**Task input:**
☆ ☆ ☆
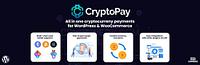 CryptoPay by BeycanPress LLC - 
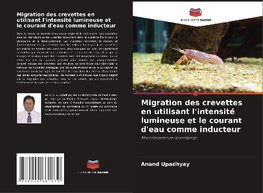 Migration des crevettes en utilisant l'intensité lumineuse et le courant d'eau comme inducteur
☆ ☆ ☆
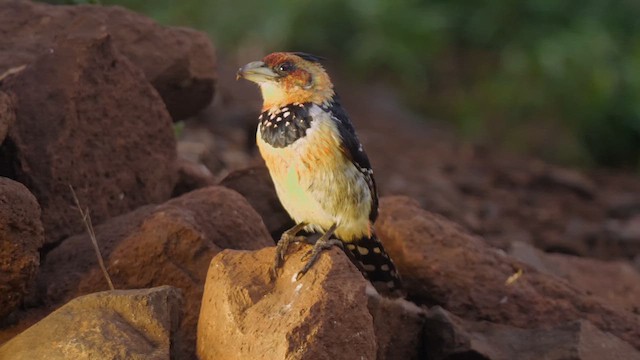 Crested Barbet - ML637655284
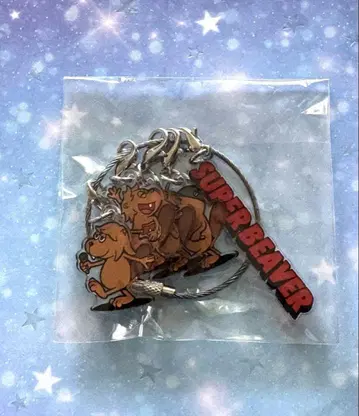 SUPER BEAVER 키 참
☆ ☆ ☆
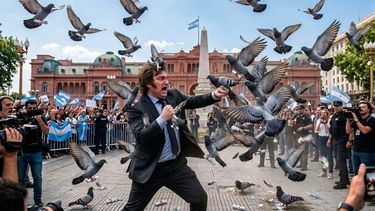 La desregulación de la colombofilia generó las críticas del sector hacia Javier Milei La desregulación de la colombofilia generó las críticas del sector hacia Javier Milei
☆ ☆ ☆
**What is needed:** Pictures are to be left out. Write out only the lines above starting at the one with "CryptoPay by BeycanPress" and ending at the one with "Migration des crevettes", both lines included, exactly.

**Result for this task:**
 CryptoPay by BeycanPress LLC - 
 Migration des crevettes en utilisant l'intensité lumineuse et le courant d'eau comme inducteur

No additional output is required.